With a solid framework in place, it is now possible to better understand what Paul is getting at when he writes “When I came to you, brothers and sisters, I did not come with superior eloquence or wisdom as I proclaimed the testimony of God.  For I decided to be concerned about nothing among you except Jesus Christ, and Him crucified.  And I was with you in weakness and in fear and with much trembling.  My conversation and my preaching were not with persuasive words of wisdom, but with a demonstration of the Spirit and of power, so that your faith would not be based on human wisdom but on the power of God” (2:1-5). 

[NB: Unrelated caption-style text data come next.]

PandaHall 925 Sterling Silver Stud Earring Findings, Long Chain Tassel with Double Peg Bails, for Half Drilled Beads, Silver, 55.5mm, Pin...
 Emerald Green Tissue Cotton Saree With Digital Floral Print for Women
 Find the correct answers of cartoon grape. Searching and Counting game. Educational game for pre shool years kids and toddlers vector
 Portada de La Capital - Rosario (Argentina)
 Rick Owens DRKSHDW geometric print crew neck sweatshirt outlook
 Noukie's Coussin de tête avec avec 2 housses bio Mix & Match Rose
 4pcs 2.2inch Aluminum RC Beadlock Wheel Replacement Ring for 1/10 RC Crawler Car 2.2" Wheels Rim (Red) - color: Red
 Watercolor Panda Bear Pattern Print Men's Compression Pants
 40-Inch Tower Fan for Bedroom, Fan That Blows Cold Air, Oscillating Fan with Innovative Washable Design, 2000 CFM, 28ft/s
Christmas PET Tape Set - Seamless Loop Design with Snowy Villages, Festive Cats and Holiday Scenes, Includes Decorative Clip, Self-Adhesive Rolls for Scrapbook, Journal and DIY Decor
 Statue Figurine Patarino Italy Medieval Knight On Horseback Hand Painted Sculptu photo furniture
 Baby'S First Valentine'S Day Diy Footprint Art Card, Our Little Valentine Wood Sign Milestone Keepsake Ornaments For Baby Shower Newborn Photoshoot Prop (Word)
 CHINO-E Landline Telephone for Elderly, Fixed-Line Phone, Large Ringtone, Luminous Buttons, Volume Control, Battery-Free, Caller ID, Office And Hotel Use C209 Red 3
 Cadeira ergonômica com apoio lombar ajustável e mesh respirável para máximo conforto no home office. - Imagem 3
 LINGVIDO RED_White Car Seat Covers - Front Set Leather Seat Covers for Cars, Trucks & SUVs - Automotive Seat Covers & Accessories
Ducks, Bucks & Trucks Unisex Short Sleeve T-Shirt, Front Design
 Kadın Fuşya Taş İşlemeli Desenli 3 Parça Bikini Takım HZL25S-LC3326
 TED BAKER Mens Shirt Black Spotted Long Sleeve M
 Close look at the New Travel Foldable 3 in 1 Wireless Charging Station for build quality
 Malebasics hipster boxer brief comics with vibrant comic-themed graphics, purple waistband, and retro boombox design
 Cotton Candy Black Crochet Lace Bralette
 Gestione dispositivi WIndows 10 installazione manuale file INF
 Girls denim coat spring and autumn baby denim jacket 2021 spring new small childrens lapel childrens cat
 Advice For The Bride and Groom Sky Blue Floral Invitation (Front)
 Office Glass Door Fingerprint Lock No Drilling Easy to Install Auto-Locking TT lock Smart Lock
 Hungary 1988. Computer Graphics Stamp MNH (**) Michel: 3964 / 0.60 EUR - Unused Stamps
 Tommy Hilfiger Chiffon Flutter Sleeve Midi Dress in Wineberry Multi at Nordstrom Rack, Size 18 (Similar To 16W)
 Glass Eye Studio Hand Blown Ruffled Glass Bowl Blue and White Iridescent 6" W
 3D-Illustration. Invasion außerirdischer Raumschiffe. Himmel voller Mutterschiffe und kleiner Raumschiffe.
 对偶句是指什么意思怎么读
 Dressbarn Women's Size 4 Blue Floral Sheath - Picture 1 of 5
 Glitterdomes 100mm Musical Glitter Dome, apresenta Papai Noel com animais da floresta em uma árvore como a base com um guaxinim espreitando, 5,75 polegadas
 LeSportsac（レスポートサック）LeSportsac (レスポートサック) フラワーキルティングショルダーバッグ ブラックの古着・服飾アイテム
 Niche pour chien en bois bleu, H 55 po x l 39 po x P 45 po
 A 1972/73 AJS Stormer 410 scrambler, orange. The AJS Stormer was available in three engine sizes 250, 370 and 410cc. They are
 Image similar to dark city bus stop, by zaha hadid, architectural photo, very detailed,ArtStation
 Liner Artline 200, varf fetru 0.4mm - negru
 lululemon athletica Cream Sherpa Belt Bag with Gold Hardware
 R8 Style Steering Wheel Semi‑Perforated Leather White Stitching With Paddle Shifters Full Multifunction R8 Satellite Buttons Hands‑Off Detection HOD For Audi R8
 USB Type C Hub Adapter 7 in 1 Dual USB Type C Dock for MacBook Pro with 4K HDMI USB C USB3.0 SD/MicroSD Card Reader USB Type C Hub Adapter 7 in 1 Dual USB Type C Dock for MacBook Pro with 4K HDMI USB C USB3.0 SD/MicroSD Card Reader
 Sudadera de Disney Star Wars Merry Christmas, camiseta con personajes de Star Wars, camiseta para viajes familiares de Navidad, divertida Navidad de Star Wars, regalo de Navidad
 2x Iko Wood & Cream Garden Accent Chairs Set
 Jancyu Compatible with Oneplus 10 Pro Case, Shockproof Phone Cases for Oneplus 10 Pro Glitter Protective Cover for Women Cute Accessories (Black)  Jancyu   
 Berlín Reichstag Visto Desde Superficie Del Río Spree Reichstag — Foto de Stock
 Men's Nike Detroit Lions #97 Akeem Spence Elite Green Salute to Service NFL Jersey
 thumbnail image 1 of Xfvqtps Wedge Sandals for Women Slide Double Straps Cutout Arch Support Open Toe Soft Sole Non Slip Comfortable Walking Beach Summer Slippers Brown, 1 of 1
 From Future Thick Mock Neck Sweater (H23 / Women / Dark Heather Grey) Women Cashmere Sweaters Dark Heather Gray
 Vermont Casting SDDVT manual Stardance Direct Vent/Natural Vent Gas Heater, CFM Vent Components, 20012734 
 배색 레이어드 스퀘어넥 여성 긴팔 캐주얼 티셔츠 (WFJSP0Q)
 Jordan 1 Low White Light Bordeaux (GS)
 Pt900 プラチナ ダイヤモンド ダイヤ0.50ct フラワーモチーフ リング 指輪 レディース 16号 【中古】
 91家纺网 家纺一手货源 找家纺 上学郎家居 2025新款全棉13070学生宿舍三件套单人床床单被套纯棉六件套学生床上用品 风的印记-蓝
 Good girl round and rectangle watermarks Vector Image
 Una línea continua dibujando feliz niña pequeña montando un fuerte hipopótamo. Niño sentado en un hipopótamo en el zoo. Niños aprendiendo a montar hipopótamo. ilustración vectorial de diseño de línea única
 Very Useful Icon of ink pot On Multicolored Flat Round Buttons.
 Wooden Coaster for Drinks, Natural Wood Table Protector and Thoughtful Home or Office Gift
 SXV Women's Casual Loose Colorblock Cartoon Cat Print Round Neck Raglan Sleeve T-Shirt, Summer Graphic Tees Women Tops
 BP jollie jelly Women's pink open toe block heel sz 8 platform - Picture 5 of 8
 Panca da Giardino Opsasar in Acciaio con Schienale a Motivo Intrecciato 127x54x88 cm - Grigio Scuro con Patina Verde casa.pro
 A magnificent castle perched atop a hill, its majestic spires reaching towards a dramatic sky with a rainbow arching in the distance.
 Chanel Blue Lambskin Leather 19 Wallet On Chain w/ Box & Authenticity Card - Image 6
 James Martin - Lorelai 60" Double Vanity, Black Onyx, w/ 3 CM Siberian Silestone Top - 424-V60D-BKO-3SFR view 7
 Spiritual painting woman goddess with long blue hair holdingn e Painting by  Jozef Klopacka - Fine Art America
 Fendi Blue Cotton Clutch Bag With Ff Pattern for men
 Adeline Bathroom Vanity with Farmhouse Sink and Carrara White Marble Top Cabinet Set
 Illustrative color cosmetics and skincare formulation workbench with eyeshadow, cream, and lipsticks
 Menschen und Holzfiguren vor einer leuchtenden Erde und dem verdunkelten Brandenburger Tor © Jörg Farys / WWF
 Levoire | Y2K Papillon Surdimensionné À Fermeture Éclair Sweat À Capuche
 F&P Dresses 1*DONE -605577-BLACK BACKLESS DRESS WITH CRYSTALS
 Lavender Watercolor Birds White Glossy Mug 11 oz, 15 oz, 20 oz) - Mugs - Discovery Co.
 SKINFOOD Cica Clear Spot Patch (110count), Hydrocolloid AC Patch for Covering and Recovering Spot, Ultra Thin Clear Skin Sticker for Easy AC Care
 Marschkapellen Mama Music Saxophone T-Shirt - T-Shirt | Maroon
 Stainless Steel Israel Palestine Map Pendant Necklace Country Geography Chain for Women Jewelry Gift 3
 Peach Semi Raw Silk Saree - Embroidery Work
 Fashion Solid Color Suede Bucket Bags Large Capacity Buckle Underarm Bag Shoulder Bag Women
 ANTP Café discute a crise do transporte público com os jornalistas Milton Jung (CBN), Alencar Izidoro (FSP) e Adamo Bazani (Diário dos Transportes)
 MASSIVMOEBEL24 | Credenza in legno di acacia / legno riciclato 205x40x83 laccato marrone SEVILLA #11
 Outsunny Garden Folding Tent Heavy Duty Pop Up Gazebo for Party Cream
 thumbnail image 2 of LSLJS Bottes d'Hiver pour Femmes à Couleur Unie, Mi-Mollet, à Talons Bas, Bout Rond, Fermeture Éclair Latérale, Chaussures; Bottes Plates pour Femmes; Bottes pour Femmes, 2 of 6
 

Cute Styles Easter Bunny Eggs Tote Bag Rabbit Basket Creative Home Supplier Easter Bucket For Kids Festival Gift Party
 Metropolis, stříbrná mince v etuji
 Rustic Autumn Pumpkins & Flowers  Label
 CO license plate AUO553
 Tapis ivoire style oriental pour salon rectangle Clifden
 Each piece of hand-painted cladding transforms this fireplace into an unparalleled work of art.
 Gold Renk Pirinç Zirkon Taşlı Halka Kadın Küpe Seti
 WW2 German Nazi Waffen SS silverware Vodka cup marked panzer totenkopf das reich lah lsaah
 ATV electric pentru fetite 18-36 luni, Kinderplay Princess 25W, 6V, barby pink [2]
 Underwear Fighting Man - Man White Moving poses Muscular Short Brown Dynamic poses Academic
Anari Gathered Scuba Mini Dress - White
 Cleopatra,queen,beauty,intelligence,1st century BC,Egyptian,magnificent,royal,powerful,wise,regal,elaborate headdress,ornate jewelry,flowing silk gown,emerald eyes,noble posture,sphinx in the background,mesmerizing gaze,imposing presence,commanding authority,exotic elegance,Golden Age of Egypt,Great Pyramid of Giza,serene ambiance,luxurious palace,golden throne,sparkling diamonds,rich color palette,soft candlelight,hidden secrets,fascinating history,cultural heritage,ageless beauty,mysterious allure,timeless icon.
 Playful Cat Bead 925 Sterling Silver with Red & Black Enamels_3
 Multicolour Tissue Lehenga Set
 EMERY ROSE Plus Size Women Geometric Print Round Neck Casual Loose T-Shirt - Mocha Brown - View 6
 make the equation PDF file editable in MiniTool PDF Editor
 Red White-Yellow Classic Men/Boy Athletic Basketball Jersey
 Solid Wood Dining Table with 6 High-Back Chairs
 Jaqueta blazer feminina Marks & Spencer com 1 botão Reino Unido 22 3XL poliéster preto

This very thing that he did not want to see, which is faith based on human wisdom (with this being tied to the honor competition rather than this being a knock on the mental pursuit of the appropriate understanding and application of facts, not to mention that the message of the cross as the place of actual honor for Jesus and those that would follow Him, when the world saw it as the place of the greatest shame), is what was happening among those that were inclined to identify themselves with Apollos, in alignment with the prevailing principles of honor and shame.  This also illuminates Paul’s asking them “are you not merely human?”  Again, Paul takes no issue with Apollos.  Indeed, Paul may have desired to possess Apollos’ abilities.  At the same time, what he saw in Corinth, as the people were perhaps reacting to Apollos more based on his abilities rather than on the message that he faithfully delivered to the best of his abilities, served as a tremendous example to Paul. 

In the end, he would rather see that the message of the Gospel (Jesus as Lord of all) and its cross (humiliation, suffering, weakness, cursing, shame) carry the day, for then there would be no doubt as to wherein lied the mysterious efficacy of the message against all reasonable expectations (the whole thing being absurd prima facie).  It was Paul’s underlying hope that if honor was to be accrued and assigned, that it would not be assigned to the one that delivered the message, but to the one of whom the message spoke, and it would hopefully spark imitation of the supreme honoree along cross-shaped lines.

This must be approached carefully, especially if one finds himself in the midst of a Christian culture that decries deep learning as being somehow antithetical to the spirit of the Gospel.  Paul does not take issue with learning and the ability to speak persuasively.  He is taking issue with the response of the people in accordance with social norms that valued power and persuasion and the individual pursuit of honor at all costs as the dominant ethic of society, rather than the embrace of suffering and shame if need be as the dominant ethic of the society of the followers of Jesus as they turned the world on its head. 

Failing in this area would mean that they were continuing to value the standards of the kingdoms of man rather than the standards of the kingdom of the Creator God as demonstrated by Jesus, as those standards were outlined in the what they have would known about Jesus through the traditions that were being orally transmitted about Him (in word and deed), and as displayed through His cross.